The fitness function is essential for intelligent optimization algorithms. A suitable fitness function can improve the efficiency and performance of the algorithm. Inspired by the literature [31], this paper selects quantization error as the fitness function, which can be formulated as follows:

$${\text{fitness}}=f\left({X}_{p}^{t}\right)=f\left[\left({c}_{p,1},{c}_{p,2},\dots ,{c}_{p,k}\right)\right]=\frac{\sum_{i=1}^{k}\left[\sum_{j=1}^{\left|{C}_{i}\right|}\frac{{\text{distance}}\left({x}_{j}^{i},{c}_{p,i}\right)}{\left|{C}_{i}\right|}\right]}{k},$$
(13)

where \({X}_{p}^{t}\) is the \(p\) th agent in \(t\) th iteration and \({c}_{p.k}\) is its \(k\)th element. The quantization error is also evaluated based on the structure of the clusters to some extent, which can be regarded as an internal criterion. The smaller the fitness value is, the better the solutions searched by the agent are. The indicators used in this paper also include the average fitness value, the best fitness value, the worst fitness value, and the standard deviation.

Experiment settings

In order for each algorithm to exhibit the best performance, the state-of-art algorithms selected for comparison all use the parameters suggested in the original articles, which is shown in Table 2. Among them, algorithms not mentioned in the table generally require no parameters. The parameters of SLBHA are tested and discussed in “Parameter experiment”. For the sake of fairness, the experiments are conducted by running the algorithms 30 times. The maximum number of iterations and agents are set as 100 and 20, and the fitness function of all the algorithms is set as the same one, i.e., the quantization error used in this paper. Since they run on the same standardized datasets, the values of each dimension of agents in every algorithm are in the range of [0,1].

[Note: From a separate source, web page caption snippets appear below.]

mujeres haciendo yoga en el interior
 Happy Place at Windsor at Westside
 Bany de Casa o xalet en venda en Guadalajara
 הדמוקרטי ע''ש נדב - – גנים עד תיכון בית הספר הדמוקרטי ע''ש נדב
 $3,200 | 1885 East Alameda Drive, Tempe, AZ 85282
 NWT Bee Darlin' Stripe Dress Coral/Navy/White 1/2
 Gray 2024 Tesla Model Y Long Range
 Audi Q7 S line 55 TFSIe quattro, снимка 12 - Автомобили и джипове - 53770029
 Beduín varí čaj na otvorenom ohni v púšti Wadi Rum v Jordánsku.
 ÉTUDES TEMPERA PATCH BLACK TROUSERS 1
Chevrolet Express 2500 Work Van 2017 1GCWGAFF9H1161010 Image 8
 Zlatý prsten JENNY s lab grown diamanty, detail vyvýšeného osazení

Table 2 Parameter settings of the experiments

Parameter experiment

In the proposed algorithm, there is a parameter \(\rho \), which controls the selection of the star movement path, and its value may have an important impact on the algorithm’s exploration capability. Therefore, an experiment is designed to analyze which value of this parameter is appropriate for the algorithms. In addition to the introduced parameter \(\rho \), for the swarm intelligence algorithm, the population size \(N\) and the number of iterations \(T\) also exercise a greater influence on the performance of the algorithm. Therefore, it is necessary to design experiments to explore the values of these three parameters for this paper.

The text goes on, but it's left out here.